Give every line of the data again, unchanged, but with no pictures.

DATA EXCERPT ▸
▽

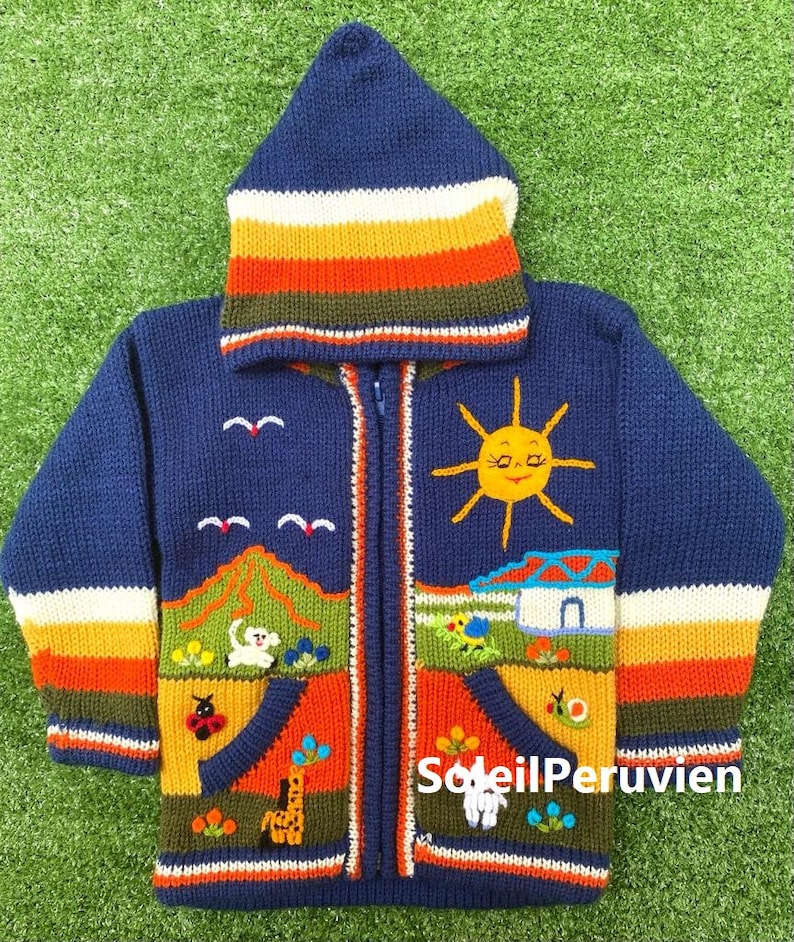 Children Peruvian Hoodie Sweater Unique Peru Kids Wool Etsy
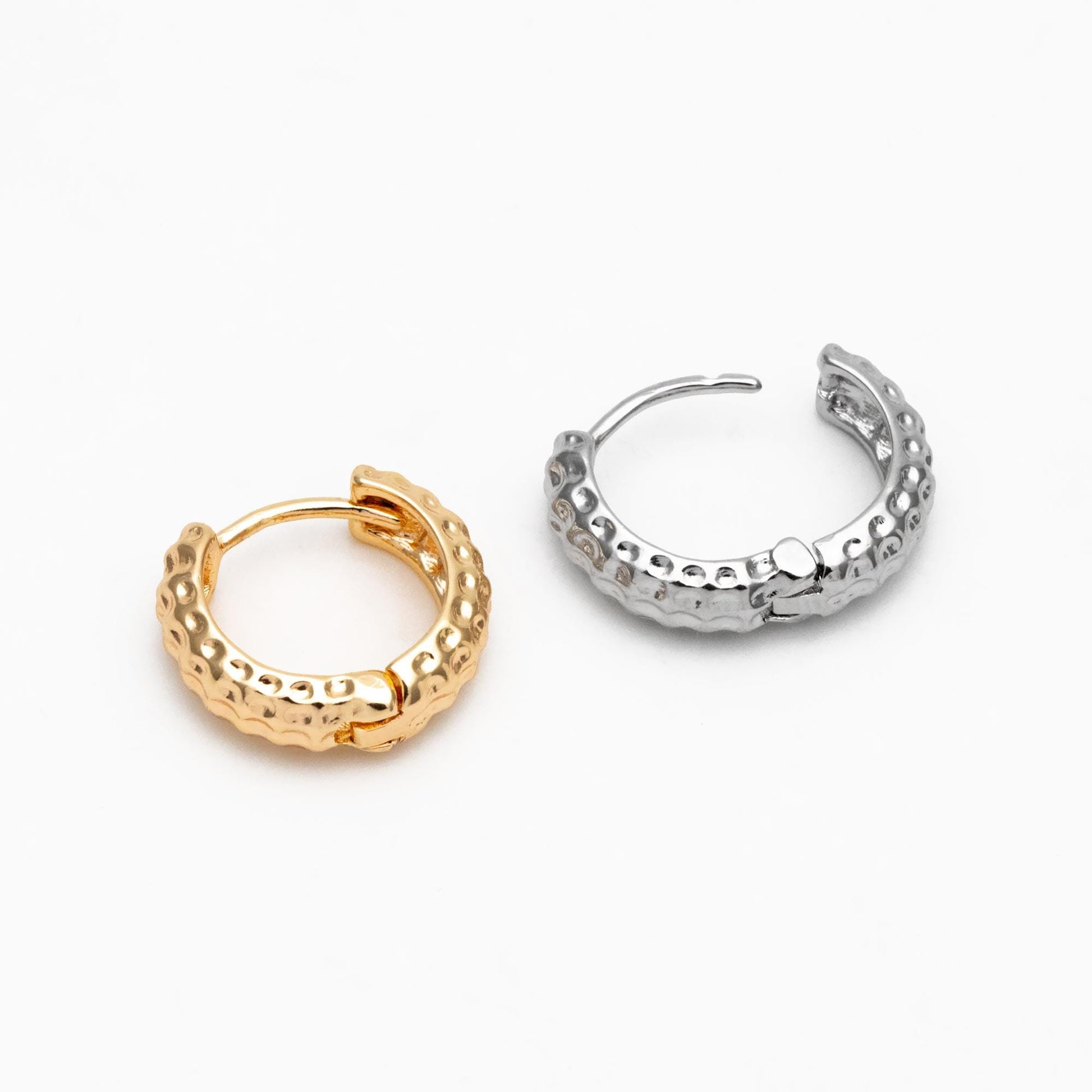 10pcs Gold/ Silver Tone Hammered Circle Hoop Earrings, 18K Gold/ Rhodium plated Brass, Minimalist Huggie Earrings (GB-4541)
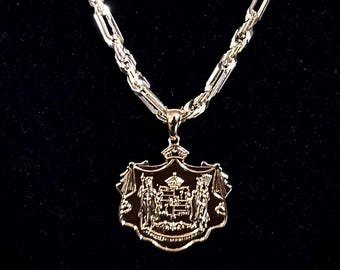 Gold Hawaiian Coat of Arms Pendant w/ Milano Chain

△

SOLUTION TO THIS EXERCISE ▸
 Children Peruvian Hoodie Sweater Unique Peru Kids Wool Etsy
 10pcs Gold/ Silver Tone Hammered Circle Hoop Earrings, 18K Gold/ Rhodium plated Brass, Minimalist Huggie Earrings (GB-4541)
 Gold Hawaiian Coat of Arms Pendant w/ Milano Chain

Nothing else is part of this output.